Intervista di Isabella De Silvestro

La longevità e l’ossessività sono una risorsa immensa. Lo dice Armando Punzo, che nell’agosto del 1988 varca le soglie del carcere di Volterra per un laboratorio teatrale di duecento ore che si trasformerà nella pratica artistica a cui dedica la vita da più di trent’anni. Fra le mura della galera Punzo trova un luogo dove restare, dopo anni di moto insoddisfacente per l’Italia e l’Europa. «Della mia vita fuori dal carcere non ricordo quasi niente». Sembra ricordare invece ogni parola pronunciata nello stanzino di tre metri per nove dove nasce la Compagnia della Fortezza, un gruppo costituto da detenuti attori che lavorano con lui per dare vita, giorno dopo giorno, a un’idea di teatro che valica tanto la tradizione quanto la pretesa rieducativa e assistenziale: una pratica artistica che fa della ricerca la chiave per mettere in scena l’umano e le sue infinite potenzialità. La sofferenza e la fatica, gli ostacoli dell’arte e della vita pratica, le lacrime versate per qualcosa che davvero non amiamo e quelle per qualcosa che amiamo davvero.
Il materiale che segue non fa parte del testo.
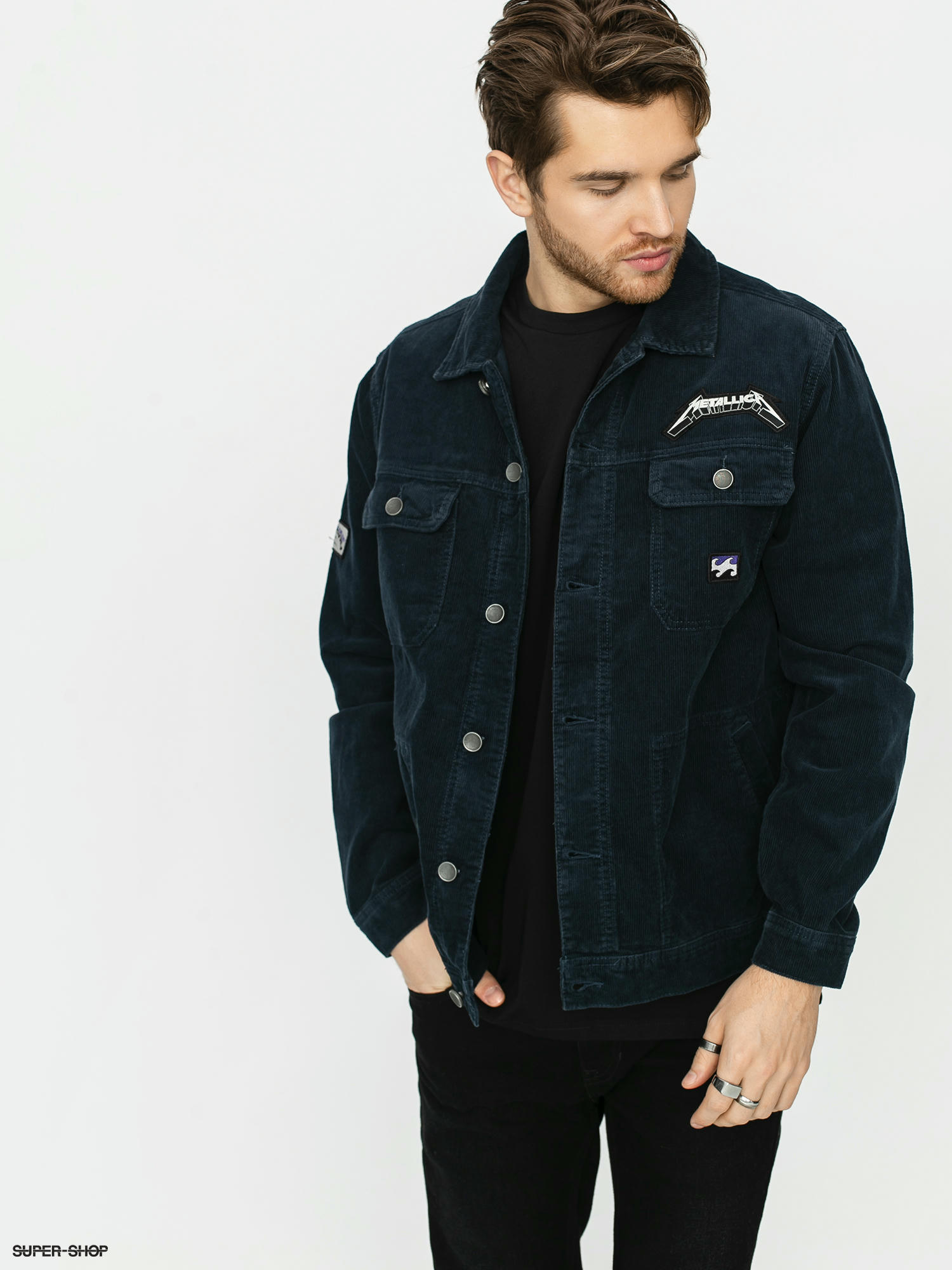 Billabong Ride The Lightning Jacket (washed blue)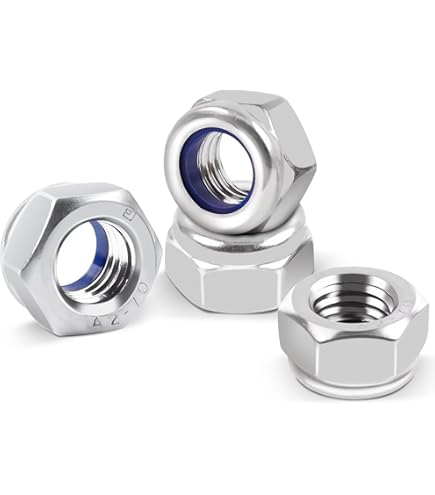 Viti A Occhiello Con Anello - Set M3 M4 M5 M6 M8, In Zinco Bianco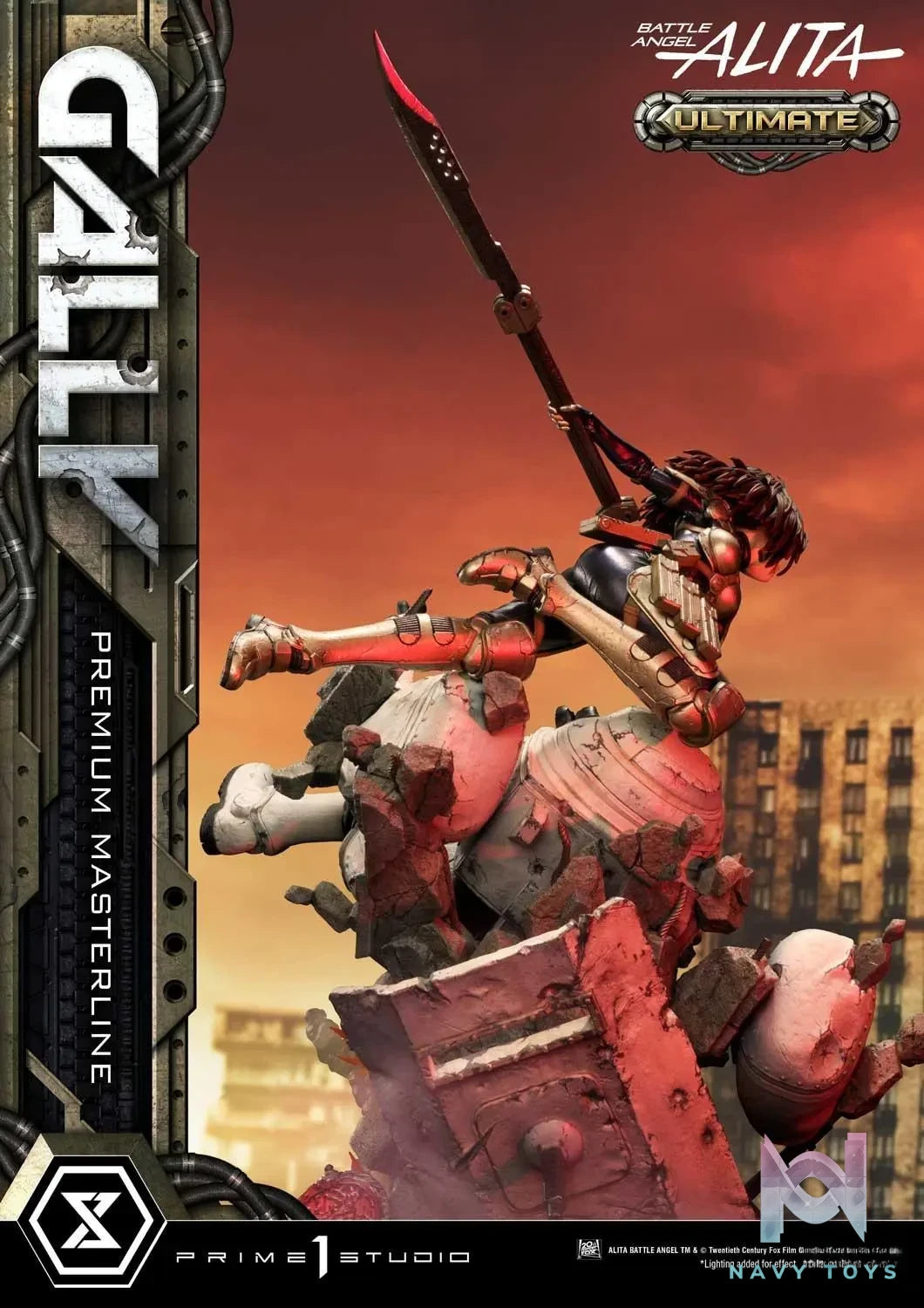 Prime 1 Studio – Premium Masterline Battle Angel Alita Alita ‘Gally’ PMABA-03 PMABA-03UT(Licensed)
Ho conversato con Armando Punzo un venerdì sera. Lui usciva dal carcere, io uscivo da Un’idea più grande di me, il libro edito da Luca Sossella Editore che raccoglie il lungo scambio tra il regista e Rossella Menna, studiosa di teatro e collaboratrice di Punzo. Ne uscivo affaticata e insieme colpita. La luce che l’esperienza della Compagnia della Fortezza è in grado di emanare viene dall’incontro tra un’idea ambiziosa e un lavorio costante e severo, un confronto senza risparmi con ciò che dell’umano confligge con lo stato delle cose. Del lavoro teatrale di Punzo insieme ai detenuti di Volterra colpisce la serietà e il rigore. Non vi è nessun cedimento al “sociale” come categoria che aggiunge valore per il solo fatto di promettere redenzione dalla propria condizione marginale. Vi è invece uno sguardo preciso su come è bene fare arte: senza prendersi un giorno di vacanza, capendo che, di un artista, la vita è ciò che accade mentre disperatamente cerca un linguaggio per dirla. E se non ci riesce, che almeno lo si veda disperatamente cercarla. La nostra conversazione si apre senza convenevoli. E questo credo venga dall’abitudine a non voler perdersi in chiacchiere. Si parli di qualcosa di serio o non si parli affatto. Ricordo una frase del libro: «Non è che non mi piaccia la vita, è che sento che solo se mi assicuro un livello profondo di relazione può esistere anche quello superficiale».

Isabella De Silvestro: Tra le prime cose evidenti a chiunque entri in carcere per la prima volta c’è il fatto che ad abitarlo è il Sud del mondo. Questo suo essere meridionale porta con sé miseria e vitalità, una certa violenza e un alto grado di onestà e introspezione. Ci sono però altri avamposti del Sud del mondo, altri luoghi dolorosi e vitali. Se si trattava di portare il teatro dove nessuno lo aspettava, la tua compagnia avrebbe potuto prendere forma anche altrove?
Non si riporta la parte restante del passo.